#### PROBLEM REQUIREMENTS:
The required output is the exact run of lines below that opens at the line with "Ayarla temiz bir" and closes at the line with "Happy waiter serving".

#### EXERCISE MATERIALS:
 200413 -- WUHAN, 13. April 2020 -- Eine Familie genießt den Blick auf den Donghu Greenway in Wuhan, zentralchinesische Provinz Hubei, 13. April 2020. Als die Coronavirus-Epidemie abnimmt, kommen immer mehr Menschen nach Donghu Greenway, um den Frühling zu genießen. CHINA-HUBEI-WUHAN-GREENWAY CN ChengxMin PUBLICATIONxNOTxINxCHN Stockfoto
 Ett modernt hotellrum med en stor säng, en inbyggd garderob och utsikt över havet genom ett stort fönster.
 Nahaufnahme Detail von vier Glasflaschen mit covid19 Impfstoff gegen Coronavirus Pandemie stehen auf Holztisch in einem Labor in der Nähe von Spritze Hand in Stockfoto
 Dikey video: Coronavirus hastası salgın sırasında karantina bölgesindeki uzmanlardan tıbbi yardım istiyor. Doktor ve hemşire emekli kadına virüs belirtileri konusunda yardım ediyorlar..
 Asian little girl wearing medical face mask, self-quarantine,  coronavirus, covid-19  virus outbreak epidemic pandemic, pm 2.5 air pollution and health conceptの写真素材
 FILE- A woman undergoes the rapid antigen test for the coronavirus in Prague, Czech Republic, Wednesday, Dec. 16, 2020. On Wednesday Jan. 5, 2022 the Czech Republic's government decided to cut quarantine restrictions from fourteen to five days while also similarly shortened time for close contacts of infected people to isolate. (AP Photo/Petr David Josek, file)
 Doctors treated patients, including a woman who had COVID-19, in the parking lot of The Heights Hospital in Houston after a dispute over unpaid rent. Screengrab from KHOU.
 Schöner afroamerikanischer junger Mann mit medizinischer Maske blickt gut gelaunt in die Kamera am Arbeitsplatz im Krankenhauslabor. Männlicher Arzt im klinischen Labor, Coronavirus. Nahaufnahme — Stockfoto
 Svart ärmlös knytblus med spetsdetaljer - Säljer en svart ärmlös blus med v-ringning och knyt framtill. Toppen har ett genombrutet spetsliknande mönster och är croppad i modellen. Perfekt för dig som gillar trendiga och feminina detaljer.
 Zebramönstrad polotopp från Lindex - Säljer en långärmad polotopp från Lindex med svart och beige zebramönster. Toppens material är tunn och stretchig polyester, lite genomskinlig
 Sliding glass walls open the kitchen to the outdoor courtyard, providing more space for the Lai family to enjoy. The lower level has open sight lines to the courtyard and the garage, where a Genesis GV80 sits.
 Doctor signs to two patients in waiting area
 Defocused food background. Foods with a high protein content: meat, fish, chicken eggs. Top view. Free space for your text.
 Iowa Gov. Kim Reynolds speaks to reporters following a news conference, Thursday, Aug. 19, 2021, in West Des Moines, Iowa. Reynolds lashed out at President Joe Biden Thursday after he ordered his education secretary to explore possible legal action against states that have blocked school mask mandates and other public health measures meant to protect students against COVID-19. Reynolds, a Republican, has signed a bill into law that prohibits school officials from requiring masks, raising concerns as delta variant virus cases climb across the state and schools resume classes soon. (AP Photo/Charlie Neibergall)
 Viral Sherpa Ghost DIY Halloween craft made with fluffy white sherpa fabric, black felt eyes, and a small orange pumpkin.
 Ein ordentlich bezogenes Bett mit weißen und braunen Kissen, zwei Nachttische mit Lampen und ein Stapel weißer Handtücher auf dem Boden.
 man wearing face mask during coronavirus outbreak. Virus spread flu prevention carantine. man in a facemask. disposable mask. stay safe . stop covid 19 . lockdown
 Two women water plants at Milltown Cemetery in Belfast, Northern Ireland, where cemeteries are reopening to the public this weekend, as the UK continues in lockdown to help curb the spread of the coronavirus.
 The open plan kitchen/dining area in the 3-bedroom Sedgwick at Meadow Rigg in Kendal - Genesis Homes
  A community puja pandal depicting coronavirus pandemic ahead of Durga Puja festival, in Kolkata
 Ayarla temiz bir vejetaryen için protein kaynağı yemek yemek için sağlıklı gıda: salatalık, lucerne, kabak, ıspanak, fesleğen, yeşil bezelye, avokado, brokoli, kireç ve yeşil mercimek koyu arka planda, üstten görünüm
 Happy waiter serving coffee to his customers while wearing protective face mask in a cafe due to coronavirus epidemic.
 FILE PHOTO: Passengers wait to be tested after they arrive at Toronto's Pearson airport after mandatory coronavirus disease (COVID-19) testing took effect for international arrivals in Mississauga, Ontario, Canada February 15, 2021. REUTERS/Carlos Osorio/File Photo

#### COMPLETED EXERCISE:
 Ayarla temiz bir vejetaryen için protein kaynağı yemek yemek için sağlıklı gıda: salatalık, lucerne, kabak, ıspanak, fesleğen, yeşil bezelye, avokado, brokoli, kireç ve yeşil mercimek koyu arka planda, üstten görünüm
 Happy waiter serving coffee to his customers while wearing protective face mask in a cafe due to coronavirus epidemic.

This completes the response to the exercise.